Gobblefest: Celebrating Local Music Since 1994

Twenty-three years, almost half my life, I’ve been involved in the Gobblefest music festival in one capacity or another.

A lot of people give me credit as founder of the festival but I don’t see myself that way – the festival happened and continues to happen because there was a need for it then and there is a need for it now.

For those of you who don’t know Gobblefest, it’s a music festival that happens every Thanksgiving in Cape Breton. Its objective has always been to inspire and celebrate: inspire young people to create their own music and express themselves and celebrate the music they create.

My initial involvement in Gobblefest and my continued involvement in the festival stems from my core belief that young people are Cape Breton’s greatest resource — and our greatest export. I believe young people don’t leave the island just because there are no “jawbs” but also because their ideas and vision are not valued – are in fact rejected. I saw and still see Gobblefest as a means of investing in our youth.

 

CJBU

Gobblefest, for better or worse, has existed without major government funding for most of its 23 years. The festival gets its core funding (and a great deal of its volunteer support) from Caper Radio (CJBU 107.3), CBU’s campus/community radio station which has recently gone FM. It’s a reciprocal relationship: CJBU gets exposure and a fundraising opportunity while the festival gets to happen.
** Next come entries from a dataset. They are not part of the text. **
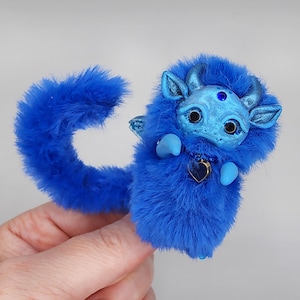 Handmade Blue Dragon, Fantasy Miniature Dragon, Polymer Clay Collectible Item with Faux Fur, Charming Gift for Dragon Lovers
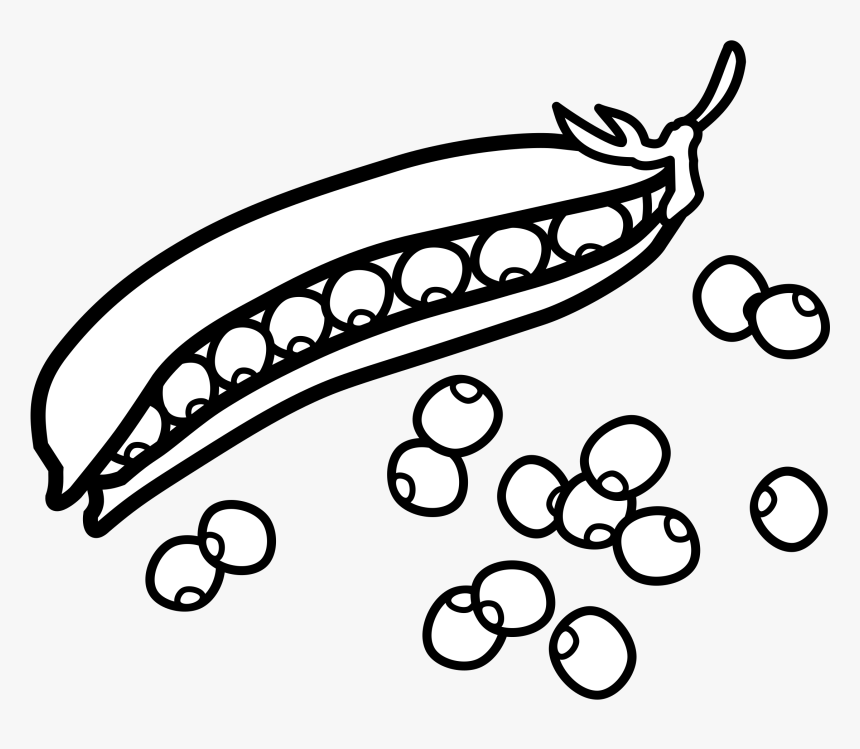 Pea Clipart Pod Real - Peas Black And White, HD Png Download, Free Download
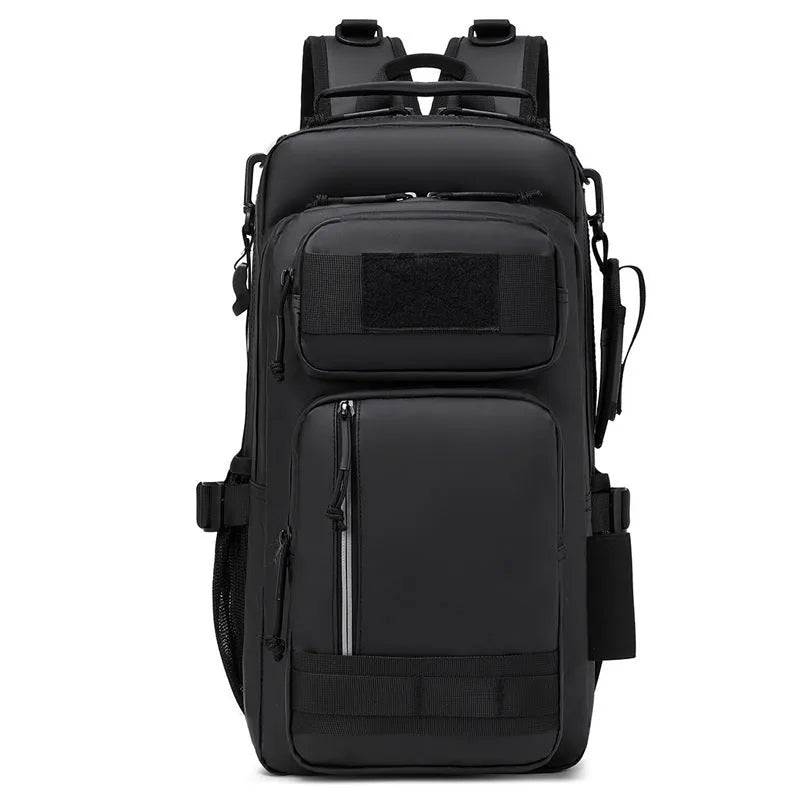 Large orange and black outdoor backpack with 20-35 litre capacity for hiking and camping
Gobblefest, from its start, has run on the sweat, passion and energy of the volunteers who plan and run it, the musicians who play it and the audiences who attend it. Like my good friend Darryl MacKinnon (who deserves a lot of credit for keeping the festival going when no one else seemed to care), who didn’t sleep for 72 hours or something extreme like that during the first Gobblefest in 1994, exhausting himself to the point of hallucination.

This year’s Gobblefest begins Friday October 6th at 5:00 PM with an acoustic, all-ages show at Smart Shop Place on Charlotte Street in Sydney featuring Jordan Francis, Bailey Shibinette, One Eye’d Eddie, Joe Costello, Tamarack and Gabrielle Papillon.
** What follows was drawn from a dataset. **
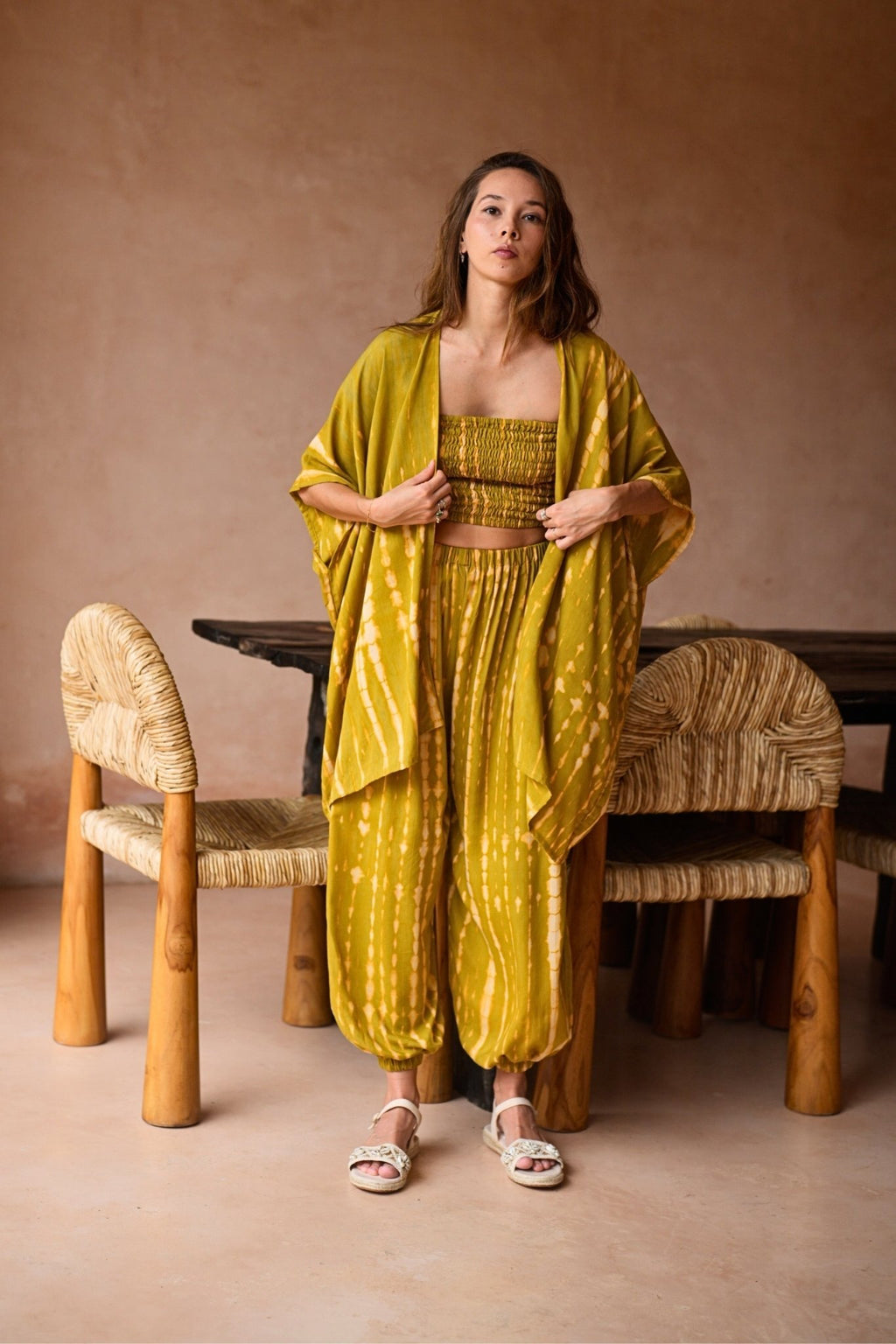 Angela Short Kimono Duster in Lemongrass - Che Cose Belle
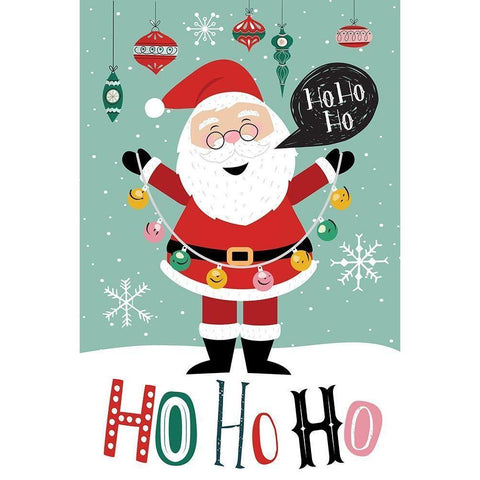 Ho Ho Ho Black Modern Wood Framed Art Print by ND Art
It moves that night to Governors on the Esplanade in Sydney, for a licensed show with The Camper Vans, Fire Valley Fire, The Jaynes and Outtacontroller.

Saturday will see an all-ages show at 3:00 PM at Undercurrent Youth Centre on Prince Street in Sydney featuring Kadima, New Draft, Ricochet, Born to Die in Berlin, The High Tide, Dazor and Pier 14.

Saturday night is a licensed gig at the legendary Upstairs Club on Ferry Street (in Sydney) starting at 10:30 PM and featuring 2Jr. (Riley Hill Band), Robot Orbison, Alright Already and Jessie Brown.

Gobblefest winds up on Sunday with an all-ages event at Atomic Records in Sydney River, starting at 4:00 PM and featuring Dazor and Jester.

 

Rod Gale

 

Graduate of St.FX University and Loyalist College, disciple of Father Jimmy Tompkins, cook and construction worker Rod Gale works out West but would love to work in Cape Breton. He loves his wife, believes in honor and justice (but not sacred cows) and refuses to kiss ass to get ahead.